DATASET EXTRACT >>
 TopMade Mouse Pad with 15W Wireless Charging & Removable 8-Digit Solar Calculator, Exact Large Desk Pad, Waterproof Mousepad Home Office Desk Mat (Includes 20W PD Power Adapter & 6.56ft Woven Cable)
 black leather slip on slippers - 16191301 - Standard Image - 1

* * *

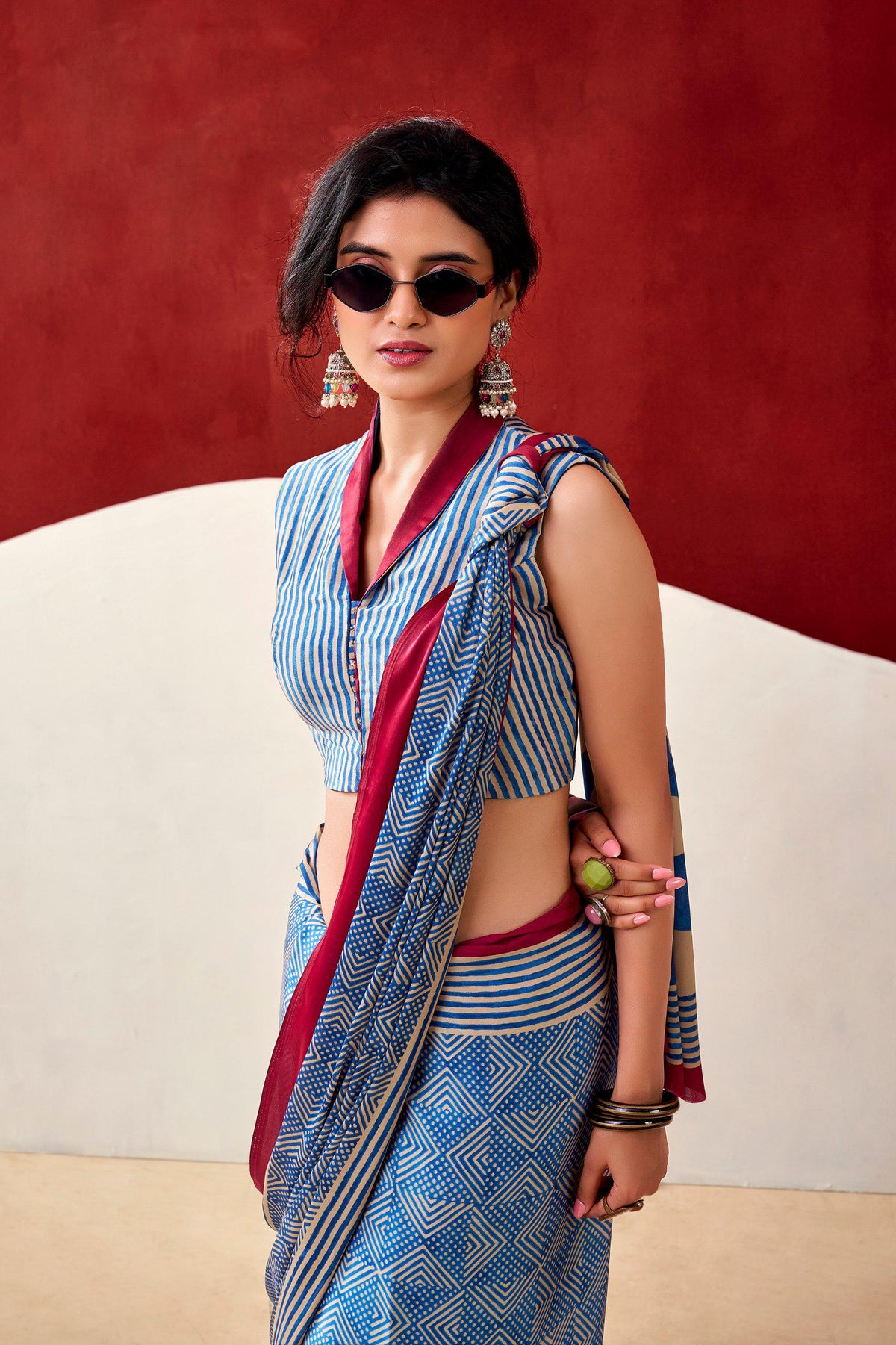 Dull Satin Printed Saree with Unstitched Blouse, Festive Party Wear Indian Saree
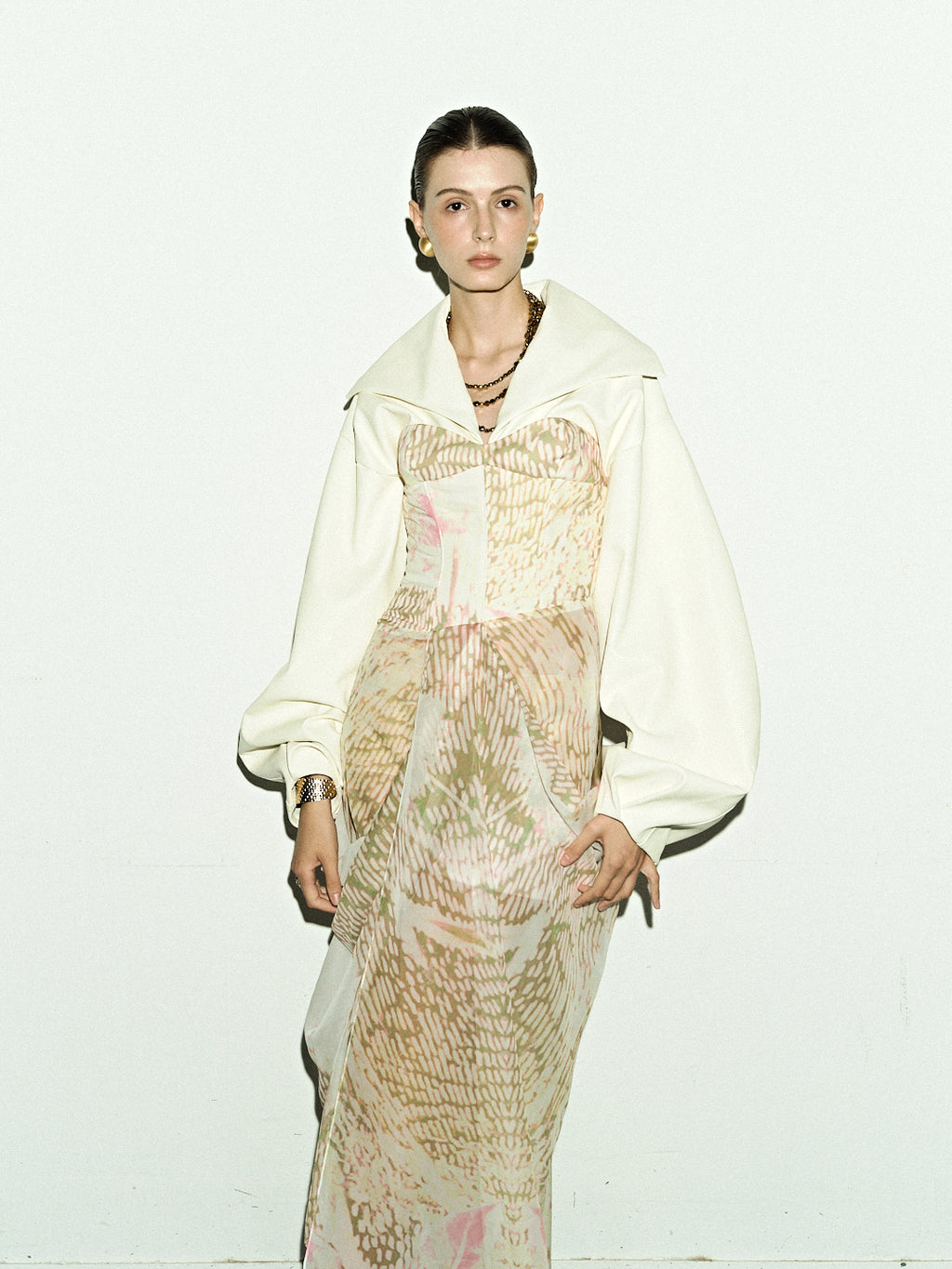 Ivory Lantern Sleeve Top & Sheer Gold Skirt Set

==

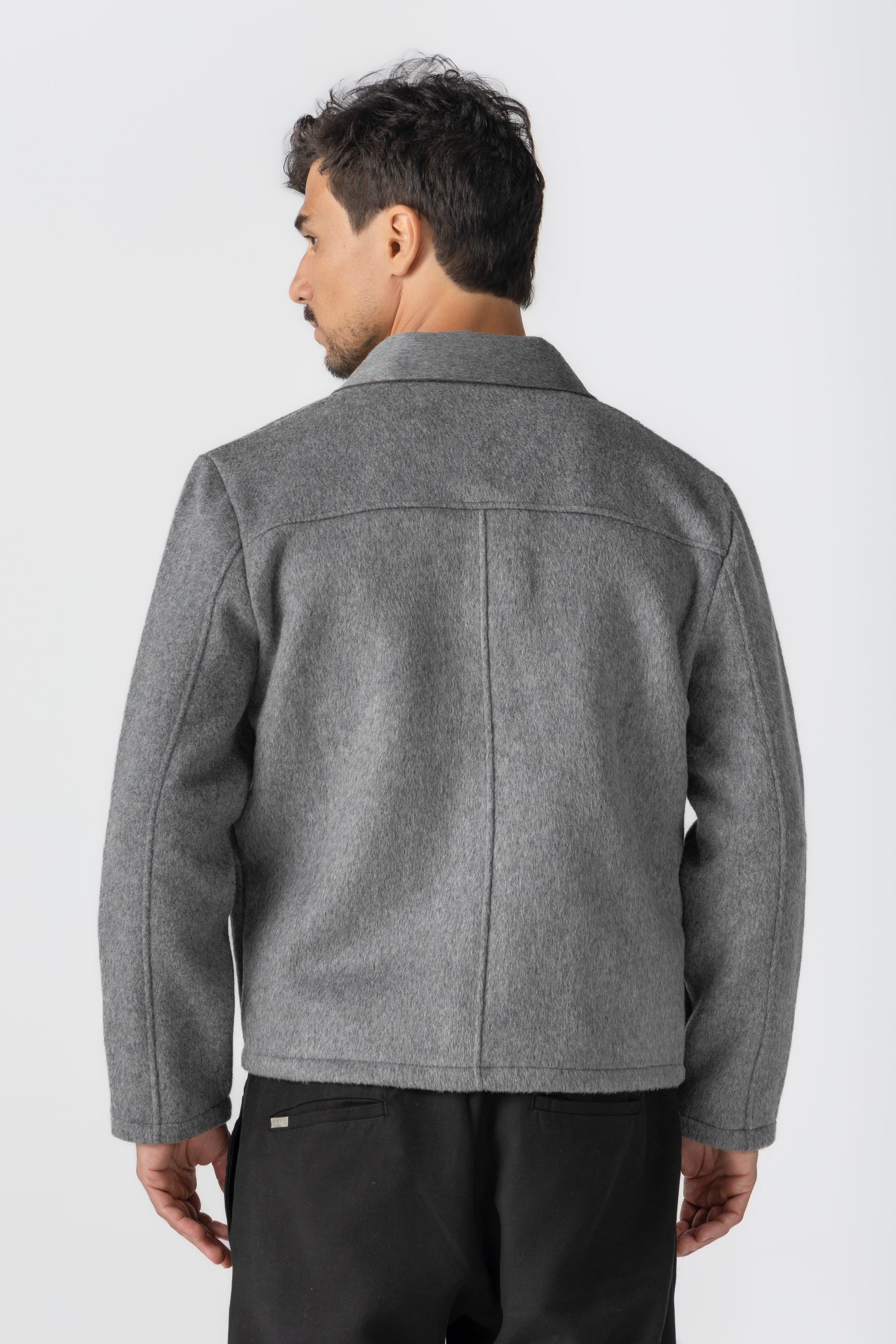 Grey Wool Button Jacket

EXERCISE OBJECTIVE >> Extract from the material above the stretch running from the line containing "Dull Satin Printed" through the line containing "Ivory Lantern Sleeve". Keep the text exact and the pictures out.

RESPONSE FOR THIS EXERCISE >>
 Dull Satin Printed Saree with Unstitched Blouse, Festive Party Wear Indian Saree
 Ivory Lantern Sleeve Top & Sheer Gold Skirt Set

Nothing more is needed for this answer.